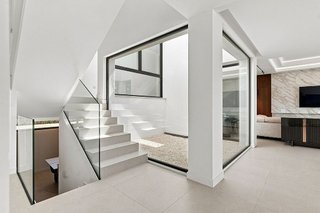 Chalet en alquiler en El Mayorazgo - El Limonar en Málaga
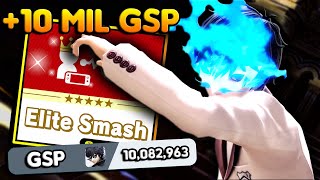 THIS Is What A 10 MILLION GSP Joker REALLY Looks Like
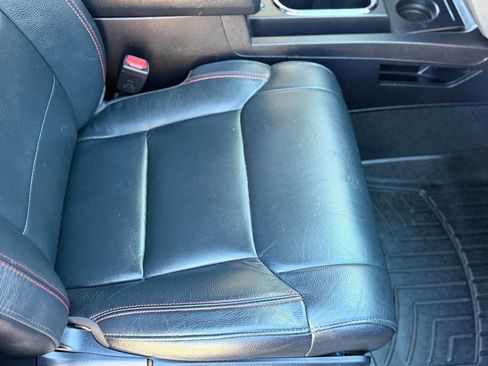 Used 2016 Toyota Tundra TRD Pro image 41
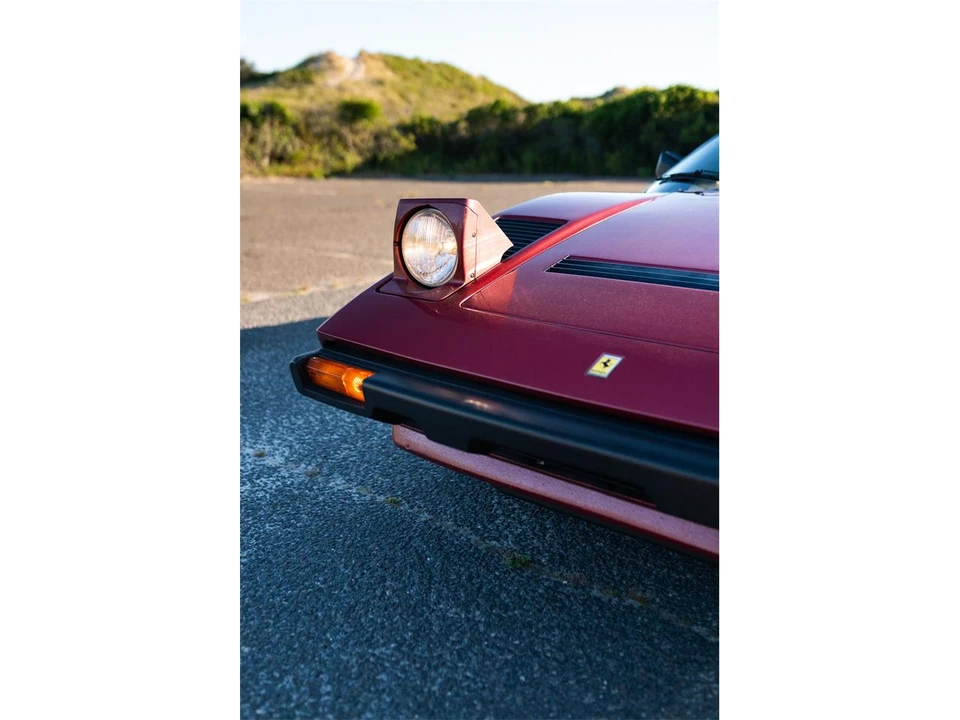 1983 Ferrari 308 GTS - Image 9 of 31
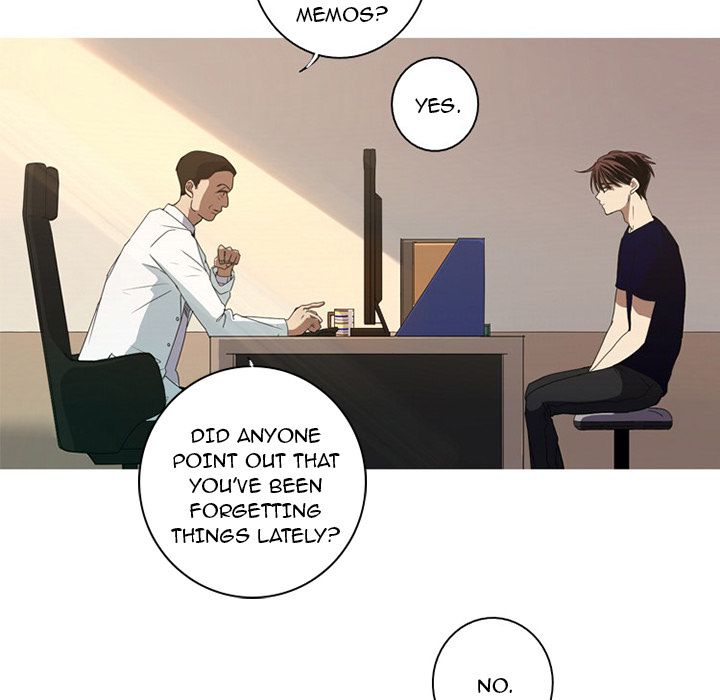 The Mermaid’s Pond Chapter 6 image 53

---

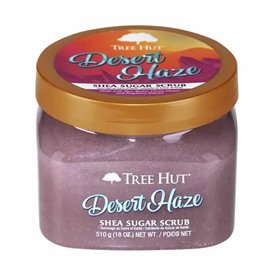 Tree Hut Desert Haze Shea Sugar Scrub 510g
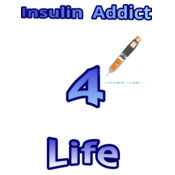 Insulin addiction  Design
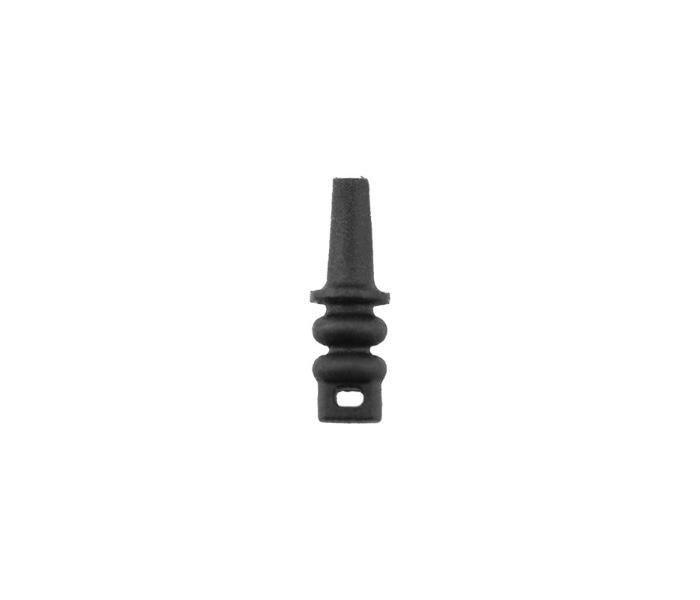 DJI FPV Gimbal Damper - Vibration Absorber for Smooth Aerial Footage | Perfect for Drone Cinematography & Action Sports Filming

Aim of the exercise:
Although pictures appear among the records above, write out exactly only the lines from the one that has "Chalet en alquiler" through the one that has "The Mermaid’s Pond Chapter 6 image 53", and leave the pictures out.

Exercise answer:
 Chalet en alquiler en El Mayorazgo - El Limonar en Málaga
 THIS Is What A 10 MILLION GSP Joker REALLY Looks Like
 Used 2016 Toyota Tundra TRD Pro image 41
 1983 Ferrari 308 GTS - Image 9 of 31
 The Mermaid’s Pond Chapter 6 image 53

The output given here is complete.